First of all, people cannot daven with the same kavanah in a home as in a shul. There is no sense of “Know in front of Whom you are davening.” What is lacking is what Yaakov Avinu felt when he declared, “How awesome is this place. It must be the house of Hashem.” Furthermore, when a person comes to shul, if he is a bit early or the minyan has not yet assembled, he will pick up a sefer or recite Tehillim. This is usually not true in a home. Thirdly, what about tzedakah? In a shul, people collect tzedakah or the gabbai goes around with a pushkah.

The Nachalas Dovid taught us that the strange yeitzer hara to avoid shul is older than any of us and should be fought relentlessly (Shimush Chachomim, page 77).
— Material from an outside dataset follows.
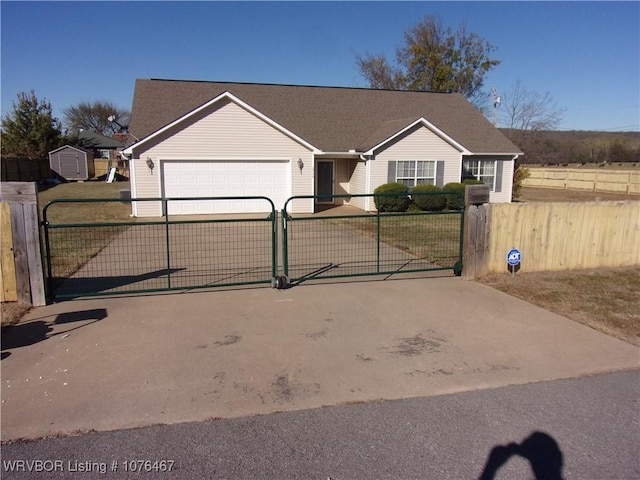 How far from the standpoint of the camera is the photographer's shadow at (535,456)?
126 inches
I would like to close, as I have been doing for several weeks, with a personal story. First, an introductory quote from this week’s Pirkei Avos. “Ben Zoma says, ‘Who is wise? He who learns from every person.’” One of my best teachers indeed was our shul custodian, a jolly Russian gentleman who took advantage of glasnost to leave the former Soviet Union to come to the United States. Alas, one of the casualties of the evil assault on religion by the communists, Igor remained a secular although very proud Jew. One fine day, at age 65, he came to a few of us and declared that he would like to have a bris milah. Overjoyed, although quite puzzled, we quickly arranged the event. Rabbi Moshe Weitman zt”l, founding dean of TAG and an expert in adult circumcision, was the mohel and a beautiful seudas mitzvah was prepared. To our shock, Igor emerged moments after the bris, which was conducted without anesthesia, face shining and ready to dance with us. After a few moments, he stopped the circle and asked to say a few words. “You want know why I ask for brit? I tell you. Every week I clean shul.” Here he stopped to give us a full list of every place he swept and mopped. “One day, I stop by big ark,” he said, pointing in the direction of the aron kodesh, “and I think: Not nice to clean by Torah without brit milah.”

That was mori v’rebbi Igor. He could not bear the thought of sweeping in front of the Torah as an oreil, an uncircumcised Jew.

Now that we are going home again, shouldn’t we be thinking about how worthy we are davening in our holy bais haknesses? Are we talking to Hashem while our thumbs are communicating elsewhere? Are we talking to the person next to us even as Moshe Rabbeinu or Yeshayahu Hanovi are trying to get our attention?

So, maybe we should learn from Igor how to return properly, so that we, too, can dance because we have made Hashem happy.